Si rifletta intorno a queste considerazioni:
1) Progressiva conquista della condizione di soggetto sociale, politico e culturale all’interno del mondo storico.
Il riferimento all’elemento culturale vuole indicare un dato importante: il processo di liberazione della donna non si limita all’acquisizione di una condizione di libertà che la pone in una condizione di parità con l’uomo, bensì compie un salto di qualità nel momento in cui la donna viene riconosciuta come portatrice di valori e di una concezione diversa da quella del mondo maschile, ma non per questo subalterna o, peggio, annullabile.
2) La donna accede dunque alla realtà e fa questo attraverso un percorso lungo e
problematico. Può essere interessante notare che questa conquista si lega alla
scoperta della non “naturalità” della condizione di inferiorità e di esclusione patita
nel corso dei secoli. L’acquisizione della consapevolezza intorno alla propria con=
dizione di vita permette alla donna guardarla con una consapevolezza nuova fino a conoscere la genesi storica del suo problema e , dunque, la concreta possibilità di progettarne il superamento.

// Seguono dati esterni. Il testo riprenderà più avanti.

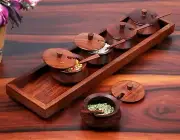 Wooden Serving Jars Set with Tray & Spoons Rectangular Mukhwas Tray Set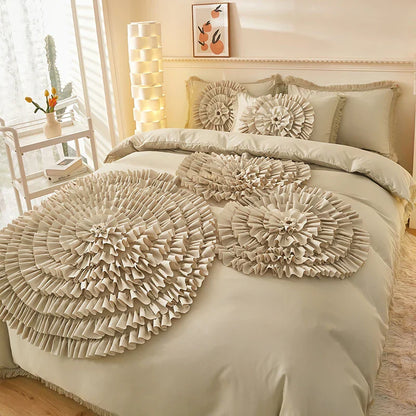 DecorBites™ Brushed Cotton Flower Embroidery Bedding Set with Stereoscopic Handwork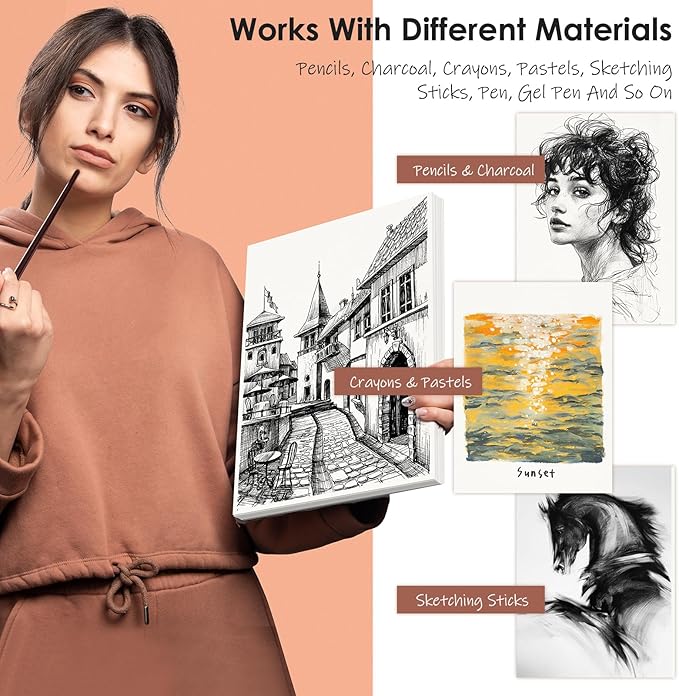 9" x 12" Sketch Paper, Art Paper Bulk, 65 Sheets (68lb/100gsm) Drawing Paper, Acid Free Artist Painting Writing Sketching, School Easel Art Supplies for Kids Teens Students Adults Beginners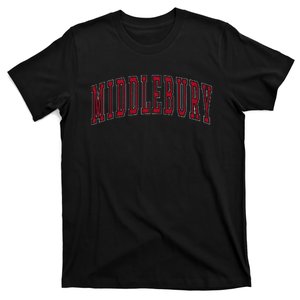 Middlebury Vermont Souvenir College Style Red Text T-Shirt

3) La questione implica un altro elemento problematico, quello della relazione tra l’istanza emancipatoria e liberatoria della donna e l’istanza più generale della giustizia sociale fatta propria dal pensiero socialista. Quest’ultimo ,infatti, può incontrare una contraddizione nel momento in cui fa sua ( e giustamente!) l’istanza della liberazione della donna: da un lato il riferimento alle differenze di classe è un punto di forza e di senso della lotta per la giustizia e per il nuovo assetto del mondo storico, dall’altro la difesa dei diritti delle donne implica, anche, la capacità di prendere le distanze da questa centralità della lotta di classe per riconoscere una specificità ed autonomia alla questione femminile.
4) Per capire a fondo una questione storica di questa portata è senza dubbio utile fare
riferimento anche a coloro che scrivendo hanno fatto le loro riflessioni intorno alla lotta delle donne e parlo non solo di intellettuali o di uomini impegnati nella politica, ma anche di artisti o scrittori… che hanno seguito con sensibilità e profondità l’istanza della liberazione femminile. Anche in questo caso non possiamo ignorare un dato decisivo quale la condizione sessuale di chi scrive. Non è la stessa cosa se a parlare è un uomo, pur con tutta la disponibilità alla comprensione, o una donna. La donna che parla delle donne con la consapevolezza di parlare di qualcosa di fortemente connotato contiene, nel suo scrivere e pensare, qualcosa di più in termini di progresso nella liberazione.
C’è dunque , nella lotta per la conquista dei diritti delle donne, accanto all’istanza emancipatori a,un bisogno di conquistare un’identità autonoma, sganciata dall’assunzione di determinati ruoli. Si tenga presente che nel mondo antico ( e non solo) molti, traendo spesso spunto dall’antropologia aristotelica, vedono la donna come una mutazione degenerativa, connotabile non come un in sé ma in maniera antitetica all’uomo. In questo senso la donna risulta condannata, per così dire, in due sensi: da un lato le viene negata una stabile identità , dall’altro viene concepita come una sorta di non- essere, di resistenza al dato reale dell’uomo.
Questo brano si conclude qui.